The montage in “The Timeless Children” was appropriately dramatic, but what really made it pop for me was the sight of the Doctor’s previous incarnations. The series had already made reference to the Doctor’s old adventures and brought back notable villains like the Master and the Cybermen, but this was the first time we got a glimpse of the previous doctors. It served as a reminder that they’re all still in there and that the Doctor hasn’t forgotten who she is. More importantly, the creative team behind the show hasn’t forgotten that stuff either. The next series will build on this decades-long journey rather than ignoring it…although some things may change along the way.
The Doctor as the Timeless Child
Of course, the big bombshell of “The Timeless Children” is that the Doctor isn’t a Time Lord after all…or, if she is, she’s the very first of them. That means that our Doctor, the one whose adventures people have followed since 1963, represents only a few thousand years out of a life that extends millions or even billions of years back.

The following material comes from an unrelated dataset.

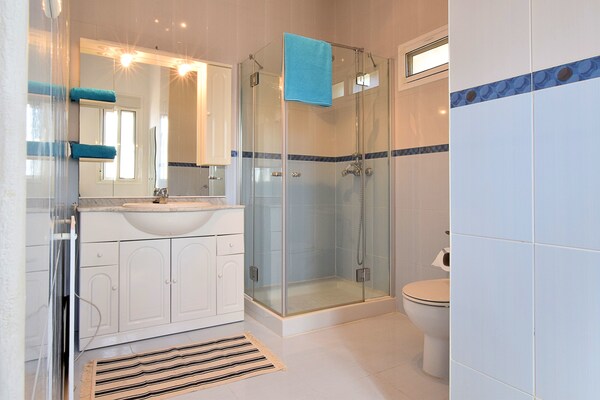 Foto van Ruime villa in Arenas met uitzicht op zee - Vakantiehuis in Arenas - BathRoom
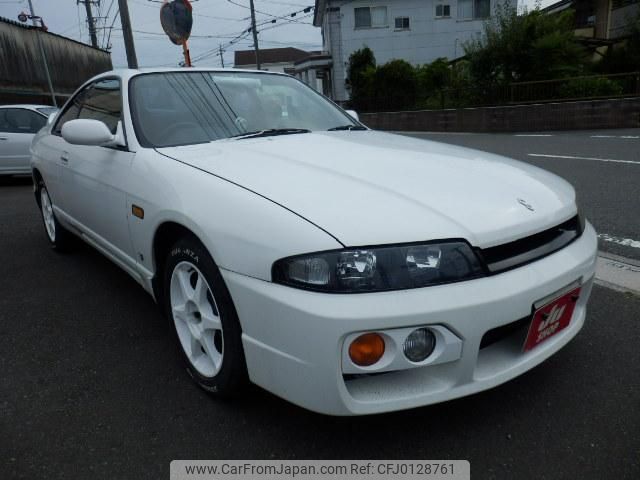 nissan skyline 1997 quick_quick_HR33_HR33-100632 image 2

Miraculously, this actually brings back some old forgotten continuity while not invalidating the stuff that contradicted it. The other Doctors seen in “The Brain of Morbius,” for example, are probably old lives of the Doctor that he didn’t know he had. The mention that the Doctor’s retinal pattern isn’t Gallifreyan in the TV movie makes sense because he was never really Gallifreyan (although he’s still not half-human, either).
Narratively, though, the montage existed as a character moment for the Doctor. Despite learning that the Time Lords had hidden an extensive past from her, she chose to focus on who she knew herself to be. Meta-fictionally, it reinforced the same thing to fans. The Doctor’s past has changed from what we thought, but the character we’ve been following is the same. New revelations await, but the moments we already hold dear remain the same.
The Final Verdict on Continuity
Any piece of fiction needs continuity. Too much focus on continuity, however, takes away from a story’s emotional weight. The Thirteenth Doctor’s stories have served as an interesting exercise in balancing continuity. The first season peeled back the character to the most basic, avoiding detailed dives into the past in order to bring in new viewers. The second season delved deeper into the past, but also spun that history toward something brand new. This has allowed the show to embrace a very big past while focusing more on what makes the Doctor who she is. Horizons have been broadened and many new mysteries await even as the past remains intact.